Health & Wellness

Holding the Front Line With a massive shortage around the corner, LGMC’s Nurse Residency Program aims to keep first-year nurses from fleeing.

by Christiaan Mader

Photo by Robin May

When the last boomer punches out for retirement, more than 77 million people will have left the American workforce for pasture. That means a massive increase in demand for treatment associated with an aging population. More hospital visits, more surgeries, more accidents and more complicated inpatient treatment regimens will stretch an already thin primary care workforce. It’s the cost of living longer. The glut of new demand for care will arguably lean hardest on registered nurses — the front line of the medical workforce, and one already facing a long term shortage caused by high rates of turnover and ballooning demand.

Photo by Robin May

Hospitals like Lafayette General Medical Center are trying to close the gap with residency programs designed to acclimate new nurses to the evermore-complicated world of modern ailments.

While the shortage hasn’t hit home yet — the boomer shortage isn’t set to roost for a few more years — LGMC has attacked turnover aggressively. LGMC just enrolled its first class of 11 nurse “residents” this past April. They are set to graduate in February of 2017.

The program pairs the recruits with mentors for guidance and professional support. Nurse applicants operate day to day as full-time, paid nurses, but the residency workshops and mentorship elements give the recruits essential coping tools.

“We focus on topics that matter at the bedside,” says Crystal DeCuir, LGMC’s nurse residency director. “Our goal is to help them transition from being a novice nurse to being more confident and competent.”

Residency promotes a live clinical setting rather than working around the proverbial drawing board, enabling nurse recruits to get crucial “clinical reasoning” skills like stress management for themselves, pain management for patients, and to develop trust and rapport with veteran co-workers.

Most nurses who leave the profession struggle to adapt to clinical realities for which the classroom simply didn’t prepare them. Patients report to American hospitals with increasingly complex systems of ailments and consequently gruesome or trying treatments. Long hours spent unraveling tangles of disease account for most of the burnout seen in the nursing workforce.

With simple support elements like peer-supported journaling, experiencesharing sessions or workshops covering issues of practical import, residency programs like LGMC’s ease new nurses into the trying hospital environment.

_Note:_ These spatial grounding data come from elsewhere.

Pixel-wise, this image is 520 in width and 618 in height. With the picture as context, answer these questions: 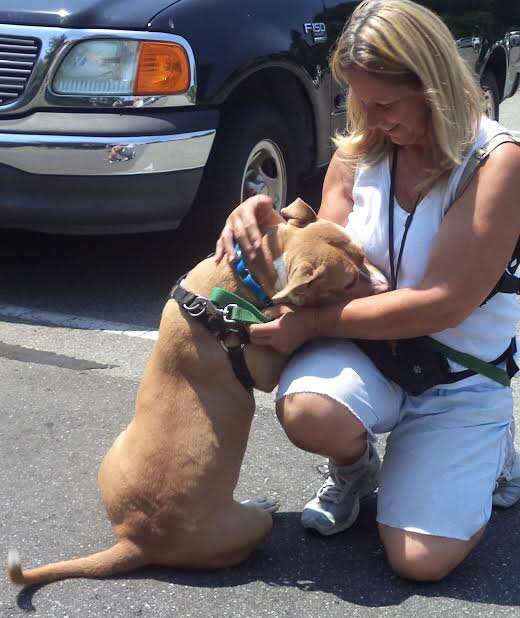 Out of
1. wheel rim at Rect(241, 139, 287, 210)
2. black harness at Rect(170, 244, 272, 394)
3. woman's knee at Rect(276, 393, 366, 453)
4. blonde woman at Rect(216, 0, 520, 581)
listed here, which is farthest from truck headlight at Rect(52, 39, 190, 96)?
woman's knee at Rect(276, 393, 366, 453)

The Bureau of Labor Statistics projected that the U.S. will be looking to hire 1.2 million new nurses in 2025 due to demand growth and loss to retirement of experienced nurses. A 50-state report card produced by the University of Nebraska estimated that Louisiana would be short 213 nurses per 100,000 citizens by 2030. That earned the state a predicted “D” grade for 2030.

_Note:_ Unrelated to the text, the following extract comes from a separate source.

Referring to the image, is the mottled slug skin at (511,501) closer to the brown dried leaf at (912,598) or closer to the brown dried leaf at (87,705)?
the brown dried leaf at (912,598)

DeCuir says shortages and high turnover have real cost to hospitals. She estimates that each nurse lost costs the hospital system around $88,000. LGMC lost 13 percent of its 2015 recruits, well below the national average but still not where LGMC wants to be. Long term, DeCuir says LGMC hopes to achieve accreditation and open its residency program to nurses incoming to the other six Acadiana-area hospitals in the greater Lafayette General Health system.

Nationally, residency programs like this have been very successful at addressing turnover. Programs at schools like Johns Hopkins University in Baltimore — which uses the same curriculum at work at LGMC — have seen retention rates skyrocket to close to 95 percent. Hospitals without this kind of training typically hover around 75 percent retention of first-year nurses.

Given how successful these programs are, it’s a wonder that more hospitals have not adopted them. DeCuir points to cost as the primary obstacle to adopting residency programs for many hospitals, but says that LGMC sees the added expense as a worthwhile investment in quality of care.

“It’s an investment of time and resources,” she says. “But it’s the right thing to do.”